Study shows teens should get jobs while in high school

Teens who tie on the apron and work during high school earn 20 to 25 percent more than their non-working peers and are more likely to finish college.
Teens who tie on the apron and work during high school earn 20 to 25 percent more than their non-working peers and are more likely to finish college.

According to a study published by Drexel University’s Center for Labor Markets and Policy, teens who spend some time bagging groceries or cyphoning fries into happy meals have a larger shot at success throughout their career.

Paul Harrington, a Drexel University labor economist and lead author of the study says that work experience in a formal job during high school (from ages 16 to 19) correspond to a 20 to 25 percent increase in salary for teens almost a decade later. In this case, a “formal” job means a gig in food service or retail for a larger company, as opposed to work like babysitting or cutting the neighbor’s grass. High school students who work, he says, are also more likely to have a job a decade after high school than their peers. The numbers are even stronger for teen boys, Harrington says.

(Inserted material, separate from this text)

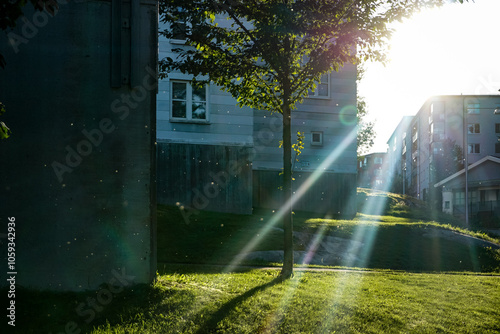 Photography A meadow at the neighborhood in Solna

“I think there’s a dignity in work,” Harrington says. “It’s really important for people to understand how they contribute to making an organization function. The way you understand how that works is by doing it.”

The study did reveal some bad news, however. As the economy has suffered, jobs for teens have become more difficult to come by. In the Metro Philadelphia area, the study revealed that in 2000, about 44 percent of teens between the ages of 16 and 19 had jobs. Today, that number has fallen to 25 percent, mostly due to the lack of employment opportunities, and also to the fact that older workers are holding onto jobs longer than they have in previous decades.

The other piece of data that the study revealed is that attendance in high school is a very strong indicator of good things to come. Harrington says that having high daily attendance in high school means that students have a much higher chance of graduating from college.

“Woody allen said 90% of life is showing up,” Harrington says. “Turns out he was right.”